Portfolio Manager, askpnvijay.com | Capital Expertise: Equity - Fundamental ,IPO

PN Vijay of askpnvijay.com explains on CNBC-TV18 that the market requires strength from positive events such as a strong credit policy and a turnaround in earnings from the hard-core manufacturing sector. Vijay adds Hindustan Unilever remains a strong favourite in his portfolio despite its attempt at transformation from a FMCG-brand company into one offering a considerable cosmetic range of products.

Sudarshan Sukhani of s2analytics.com adds that the Nifty at current levels was not an intraday reversal. He reiterates that the market is in a trading range and will be choppy and unpredictable. "The market is now retreating towards 6,000. It may not reach there but the retreat will continue. So traders have to be alert and take trades only at extremes, which means near 6,100."

Below is the edited transcript of  PN Vijay's analysis on CNBC-TV18

Q: A word on the markets. At these 6,100-levels, it seems like some fatigue has crept in. What is your prognosis going ahead?

A: It is a typical case of a risk-off trade. So far, there was a risk-on trade for the last few weeks which means that people are booking profits as they are getting a bit nervous about the continued quality of results because some of the results have slightly shaken up people especially Dish TV which used to be a punter’s favourite even though it was making a lot losses. But this is natural.

The market needs some extra strength to take it past 6,100. Going past 6,100 is not going to be easy. The support needs to come in the form of a good credit policy and strong earnings from the manufacturing sector. So far, Reliance has been a pleasant surprise and NTPC wasn't too bad. But we need hard-core manufacturing to report some sort of an official turnaround, otherwise the rally has the potential to fizzle out for sometime till pre-Budget at about 6,100.

So, in my view the next 10 days, the manner in which the results pan out and what the Reserve Bank of India (RBI) announces are going to be extremely important or there may see a downward bias in the market.

Q: What is your expectation on what Hindustan Unilever's (HUL) results could deliver this quarter?

A: HUL will deliver pretty decent results. I expect decent year-on-year growth both in the top-line and bottom-line. Though there have been some cost issues in the FMCG sector, many of them have been able to pass on some of the prices.
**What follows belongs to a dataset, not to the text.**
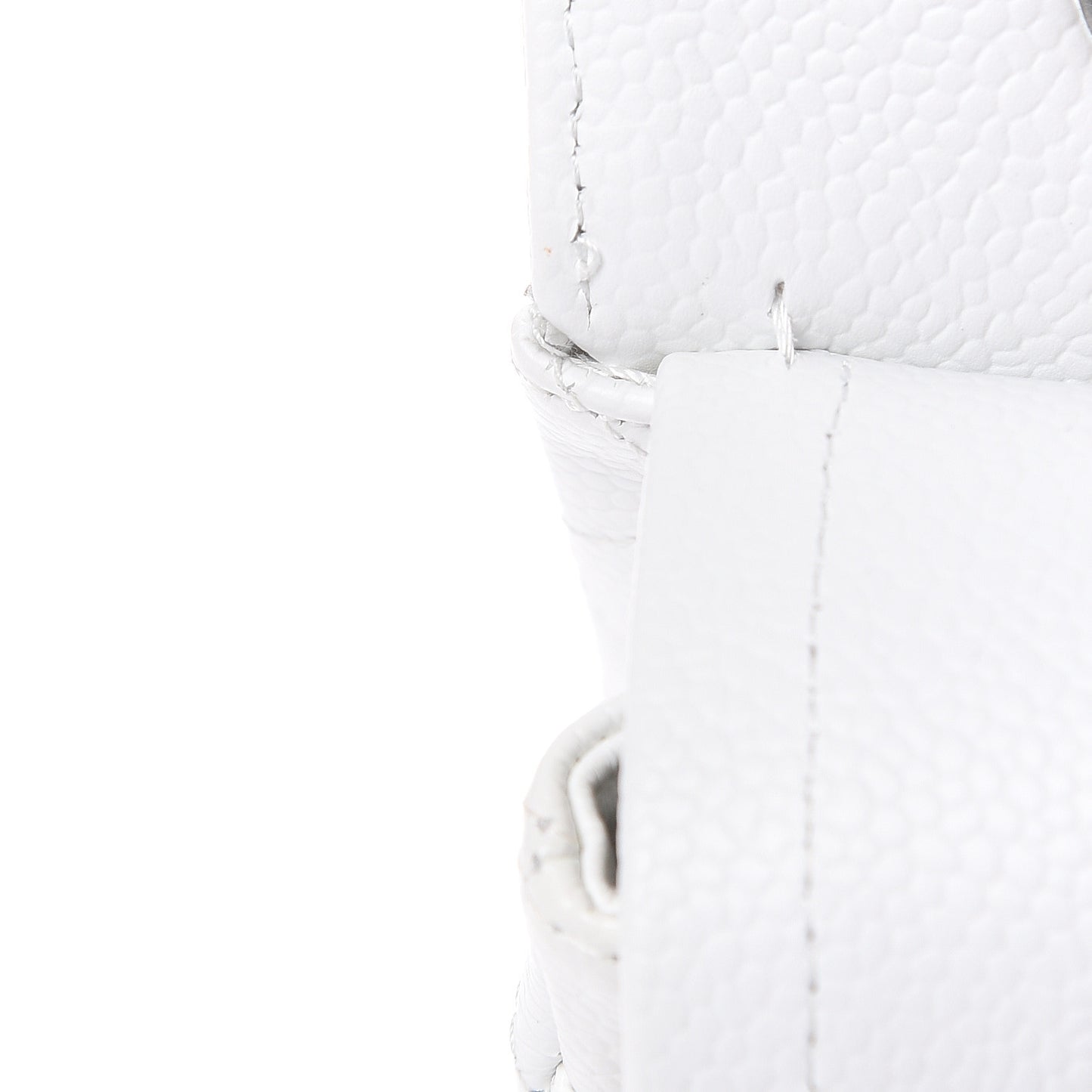 Caviar Quilted Medium Double Flap White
So, I am not unduly worried about HUL.

Whatever negative sentiment investors felt about the stock has already been factored into the price. I don't expect any damage to the stock post results and in fact if the results are decent like ITC 's, it could trigger a minor rally.
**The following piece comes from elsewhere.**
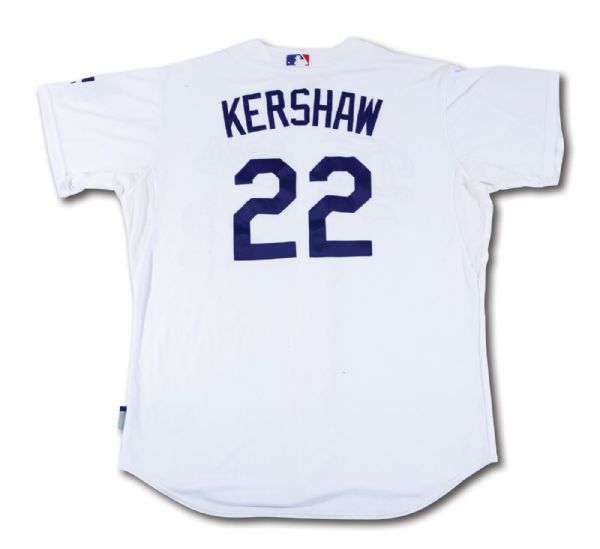 2010 CLAYTON KERSHAW LOS ANGELES DODGERS GAME WORN HOME JERSEY (STEINER COA, MEARS A10)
Q: What is your opinion with regards to the hike in gold import duty from 4 percent to 6 percent? Do you worry that the government will be not be able to achieve the current account deficit (CAD) target for FY13?

A: It is a positive that the government did not wait till the Budget and initiated the hike using the special executive powers that it has. The hike is positive as gold imports have contributed very substantially to CAD after oil imports.
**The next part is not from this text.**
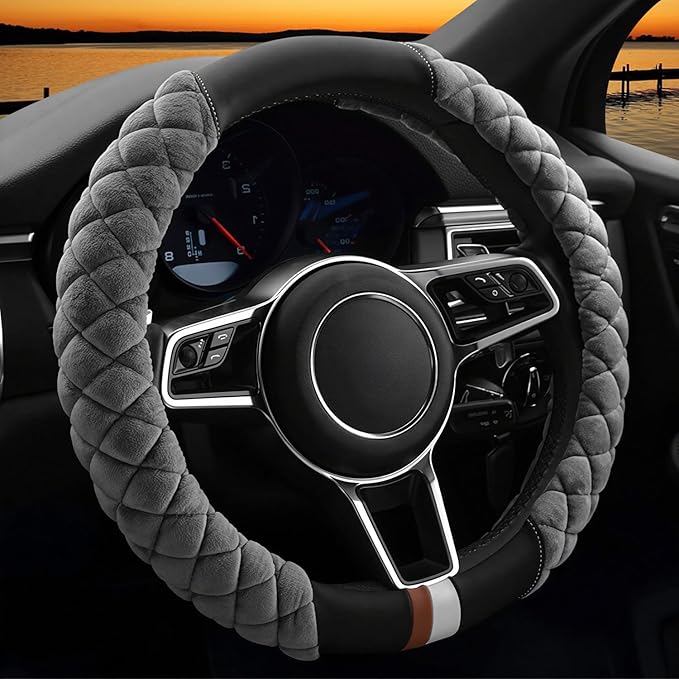 Cxtiy Fluffy Steering Wheel Cover Women Men Plush Steering Wheel Warmer for Winter Soft Fuzzy Luxury Car Accessories (A-Gray)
Q: What do you make of the results as the valuations for HUL have come off quite a bit in the last two to three months after the management started to get cautious about volumes. The stock too has seen quite a bit of a slide. How much of the cautiousness has already been priced-in and how much incremental damage would you expect going ahead?

A: What I heard about volumes was not surprising at all because at every opportunity the management has been cautious about volume. To some extent, the desire to keep earnings before interest, taxes, depreciation, and amortization (EBITDA) good with higher pricing power and lower volumes is a good strategy.

I am not too worried that the volumes are slightly going down as long as the EBITDA margins are sustained. The 0.5-percent increase in royalty does not strike me as significant. Generally, the Indian consumer is getting more brand-conscious and is prepared to pay a bit more.

So, HUL which has been a commodity-leader in the FMCG segment is now trying to reinvent itself and position itself more as a cosmetics company. If there was selling of HUL shares, it would be because of high expectations and probably some level of position building. I would continue to buy HUL as a blue-chip to balance my portfolio on every decline.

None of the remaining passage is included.